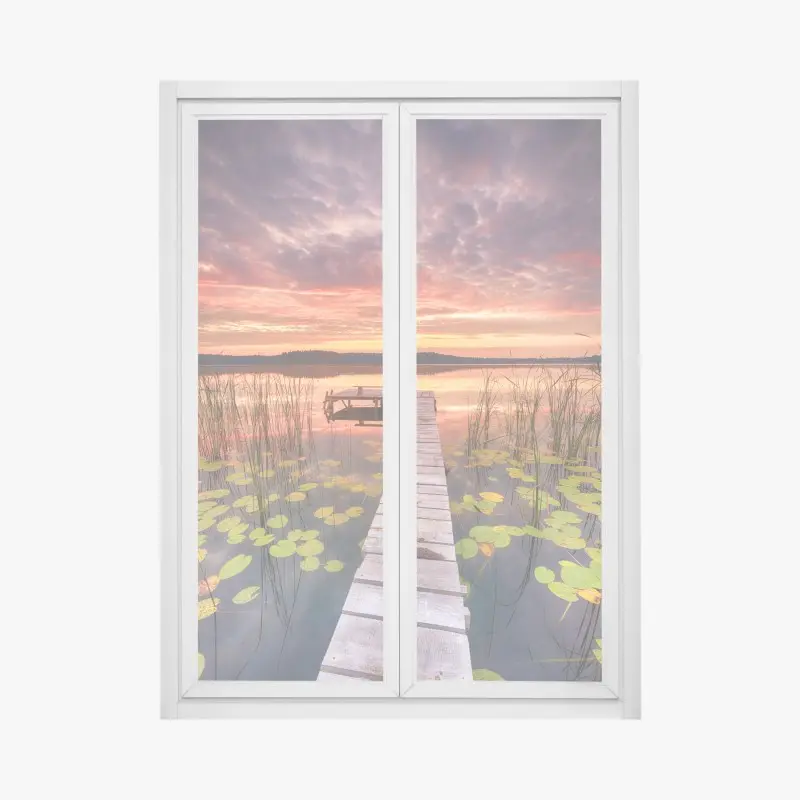 Window decal sunrise over a tranquil lake pier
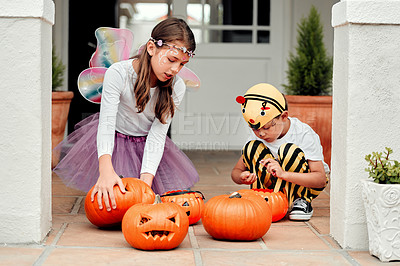 Buy stock photo Shot of two adorable young siblings playing together on Halloween at home
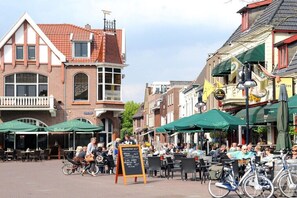A street with outdoor seating, bicycles, and brick buildings. - Wellness Superior 6/8-P (DEURNINGEN)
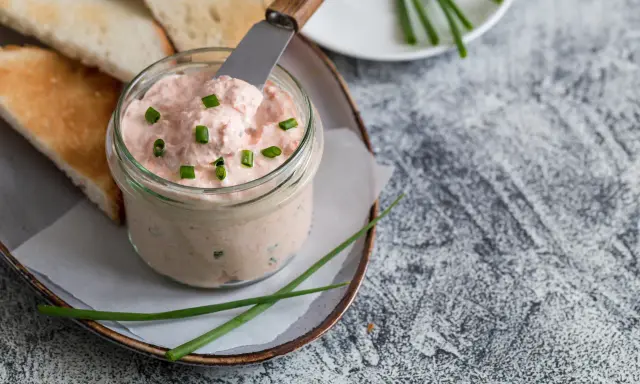 Un pot de rillettes de saumon crémeuses, garni de ciboule, prêt à être tartiné sur des toasts grillés.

*WORK INSTRUCTION:* Exact repetition of each line above is expected; images are to be omitted.

*RESPONSE:*
 Window decal sunrise over a tranquil lake pier
 Buy stock photo Shot of two adorable young siblings playing together on Halloween at home
A street with outdoor seating, bicycles, and brick buildings. - Wellness Superior 6/8-P (DEURNINGEN)
 Un pot de rillettes de saumon crémeuses, garni de ciboule, prêt à être tartiné sur des toasts grillés.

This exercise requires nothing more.